I've used the sbinary library before and it's very nice. The documentation is a little sparse but I would suggest first looking at the old wiki page as that gives you a starting point. Then check out the test specifications, as that gives you some very nice examples.
The primary benefit of sbinary is that it gives you a way to describe the wire format of each object as a Format object. You can then encapsulate those formatted types in a higher level Format object and Scala does all the heavy lifting of looking up that type as long as you've included it in the current scope as an implicit object.
As I say below, I'd now recommend people use scodec instead of sbinary. As an example of how to use scodec, I'll implement how to read a binary representation in memory of the following C struct:
struct ST
{
long long ll; // # 0
int i; // # 8
short s; // # 12
char ch1; // # 14
char ch2; // # 15
} ST;
A matching Scala case class would be:
case class ST(ll: Long, i: Int, s: Short, ch1: String, ch2: String)

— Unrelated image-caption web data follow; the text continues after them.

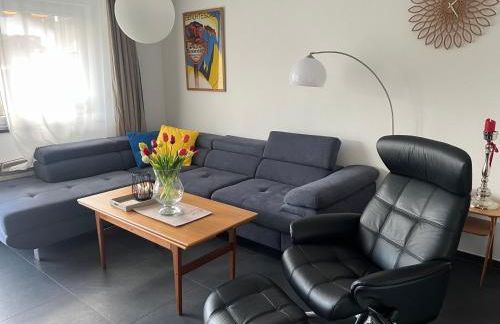 Ferienhaus LebensART - Foto 11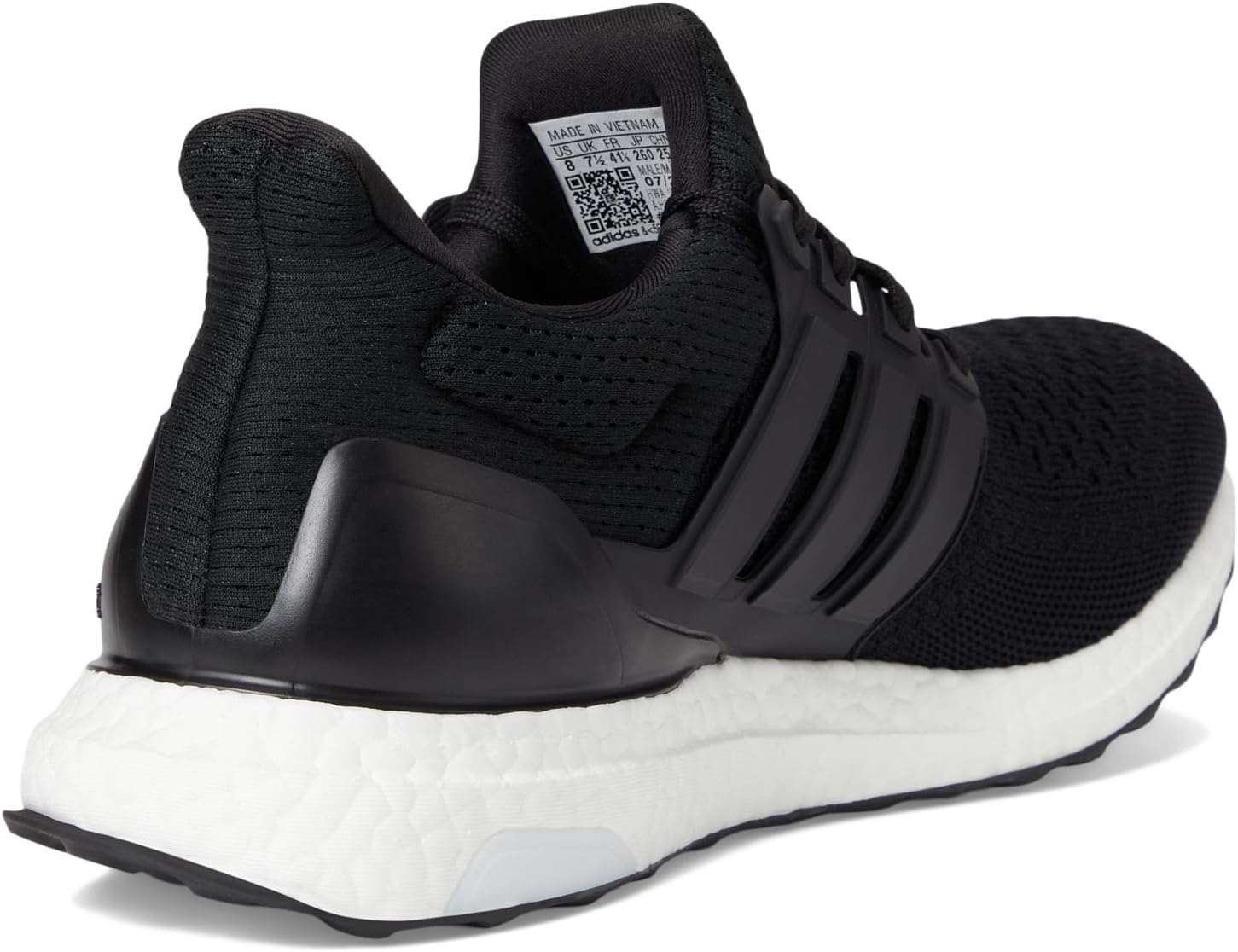 아디다스 러닝 Ultraboost 1.0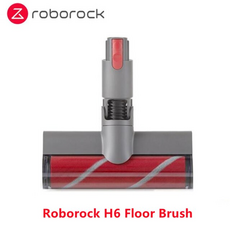 한경희로봇청소기h7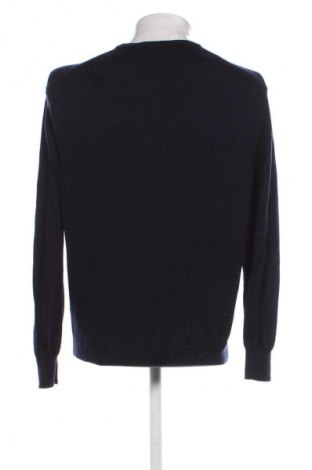 Herrenpullover Unbranded, Größe S, Farbe Blau, Preis € 12,99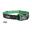 Tikka 350 Lumens Headlamp - Green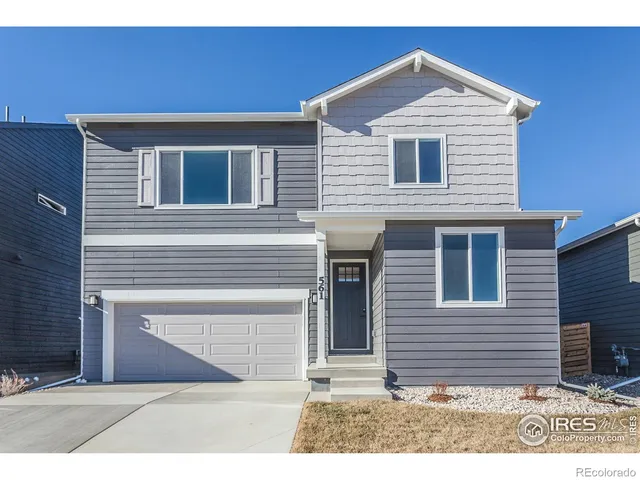 $619,900 | 561 Whisperwind Lane, Fort Collins, CO 80524
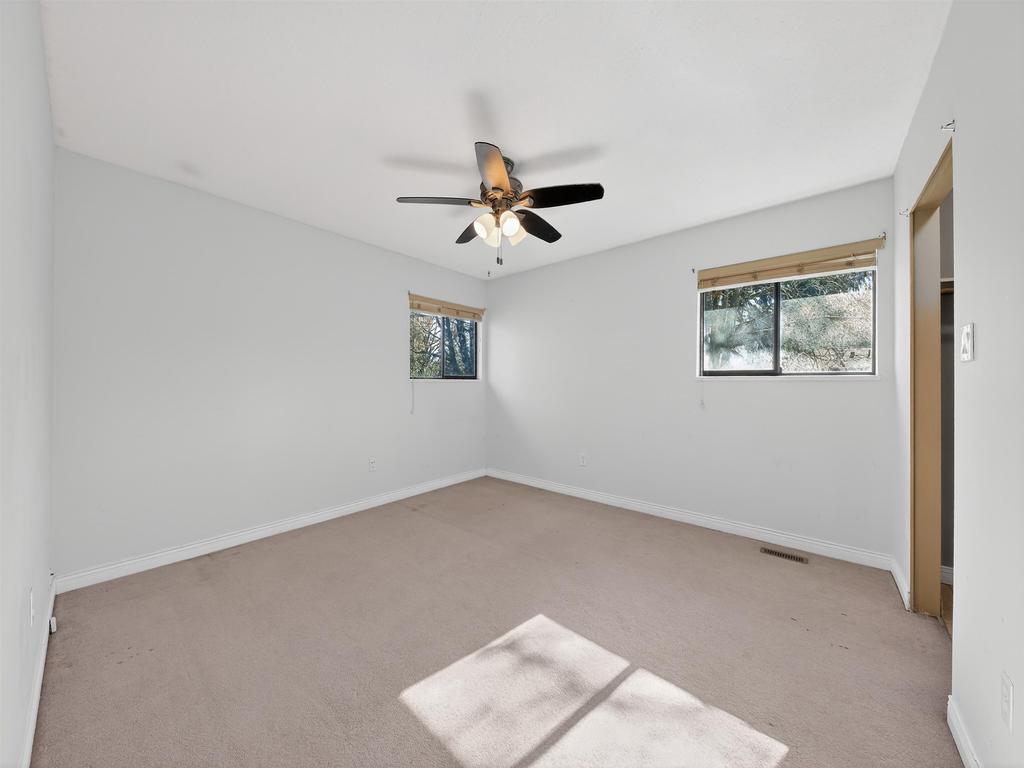 Listing Image for R3092724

I'm making things a bit easier for myself by just saying we're storing Strings instead of Chars and I'll say that they are UTF-8 characters in the struct. I'm also not dealing with endian details or the actual size of the long and int types on this architecture and just assuming that they are 64 and 32 respectively.
Scodec parsers generally use combinators to build higher level parsers from lower level ones. So for below, we'll define a parser which combines a 8 byte value, a 4 byte value, a 2 byte value, a 1 byte value and one more 1 byte value. The return of this combination is a Tuple codec:
val myCodec: Codec[Long ~ Int ~ Short ~ String ~ String] =
int64 ~ int32 ~ short16 ~ fixedSizeBits(8L, utf8) ~ fixedSizeBits(8L, utf8)
We can then transform this into the ST case class by calling the xmap function on it which takes two functions, one to turn the Tuple codec into the destination type and another function to take the destination type and turn it into the Tuple form:
val stCodec: Codec[ST] = myCodec.xmap[ST]({case ll ~ i ~ s ~ ch1 ~ ch2 => ST(ll, i, s, ch1, ch2)}, st => st.ll ~ st.i ~ st.s ~ st.ch1 ~ st.ch2)
Now, you can use the codec like so:
stCodec.encode(ST(1L, 2, 3.shortValue, "H", "I"))
res0: scodec.Attempt[scodec.bits.BitVector] = Successful(BitVector(128 bits, 0x00000000000000010000000200034849))
res0.flatMap(stCodec.decode)
=> res1: scodec.Attempt[scodec.DecodeResult[ST]] = Successful(DecodeResult(ST(1,2,3,H,I),BitVector(empty)))
I'd encourage you to look at the Scaladocs and not at the Guide as there's much more detail in the Scaladocs. The guide is a good start at the very basics but it doesn't get into the composition part much but the Scaladocs cover that pretty well.
Scala itself doesn't have a binary data input library, but the java.nio package does a decent job. It doesn't explicitly handle unsigned data--neither does Java, so you need to figure out how you want to manage it--but it does have convenience "get" methods that take byte order into account.
I don't know what you mean with "by hand" but using a simple DataInputStream (apidoc here) is quite concise and clear:
val dis = new DataInputStream(yourSource)
dis.readFloat()
dis.readDouble()
dis.readInt()
// and so on
Taken from another SO question: http://preon.sourceforge.net/, it should be a framework to do binary encoding/decoding.. see if it has the capabilities you need
If you are looking for a Java based solution, then I will shamelessly plug Preon. You just annotate the in memory Java data structure, and ask Preon for a Codec, and you're done.
Byteme is a parser combinators library for doing binary. You can try to use it for your tasks.